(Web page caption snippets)

=== Section Start ===

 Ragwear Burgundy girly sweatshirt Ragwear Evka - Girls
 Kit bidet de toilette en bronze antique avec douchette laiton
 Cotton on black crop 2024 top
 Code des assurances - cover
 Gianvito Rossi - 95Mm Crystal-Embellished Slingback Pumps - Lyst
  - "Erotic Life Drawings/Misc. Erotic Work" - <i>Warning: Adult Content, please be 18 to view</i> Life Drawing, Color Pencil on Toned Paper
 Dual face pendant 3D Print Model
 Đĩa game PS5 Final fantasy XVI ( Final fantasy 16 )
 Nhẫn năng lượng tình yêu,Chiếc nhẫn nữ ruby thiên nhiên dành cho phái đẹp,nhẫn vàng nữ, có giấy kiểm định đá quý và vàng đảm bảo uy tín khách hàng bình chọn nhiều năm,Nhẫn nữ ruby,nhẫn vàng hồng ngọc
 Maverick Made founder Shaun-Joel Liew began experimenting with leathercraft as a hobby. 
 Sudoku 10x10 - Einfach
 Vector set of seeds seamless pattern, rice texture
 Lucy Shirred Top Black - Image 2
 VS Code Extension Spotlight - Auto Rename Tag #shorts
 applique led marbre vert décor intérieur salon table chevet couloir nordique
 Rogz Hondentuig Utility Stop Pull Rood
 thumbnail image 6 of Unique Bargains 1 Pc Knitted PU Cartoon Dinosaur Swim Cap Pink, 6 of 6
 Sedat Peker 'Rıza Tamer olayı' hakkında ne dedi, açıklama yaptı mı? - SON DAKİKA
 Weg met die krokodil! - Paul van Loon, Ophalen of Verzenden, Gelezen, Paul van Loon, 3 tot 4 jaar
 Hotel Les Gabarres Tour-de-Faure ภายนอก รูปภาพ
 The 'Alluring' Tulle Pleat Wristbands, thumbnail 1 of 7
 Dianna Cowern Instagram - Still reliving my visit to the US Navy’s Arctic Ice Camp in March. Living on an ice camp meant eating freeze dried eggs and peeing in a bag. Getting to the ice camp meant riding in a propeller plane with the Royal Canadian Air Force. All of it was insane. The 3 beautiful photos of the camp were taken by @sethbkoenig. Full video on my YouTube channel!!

=== Section End ===

* ASSIGNED TASK:
Within the data above, the span starting at the line containing "thumbnail image 6" and ending at the line containing "The 'Alluring' Tulle" is to be retyped exactly, with no other lines.

* WRITTEN RESPONSE:
 thumbnail image 6 of Unique Bargains 1 Pc Knitted PU Cartoon Dinosaur Swim Cap Pink, 6 of 6
 Sedat Peker 'Rıza Tamer olayı' hakkında ne dedi, açıklama yaptı mı? - SON DAKİKA
 Weg met die krokodil! - Paul van Loon, Ophalen of Verzenden, Gelezen, Paul van Loon, 3 tot 4 jaar
 Hotel Les Gabarres Tour-de-Faure ภายนอก รูปภาพ
 The 'Alluring' Tulle Pleat Wristbands, thumbnail 1 of 7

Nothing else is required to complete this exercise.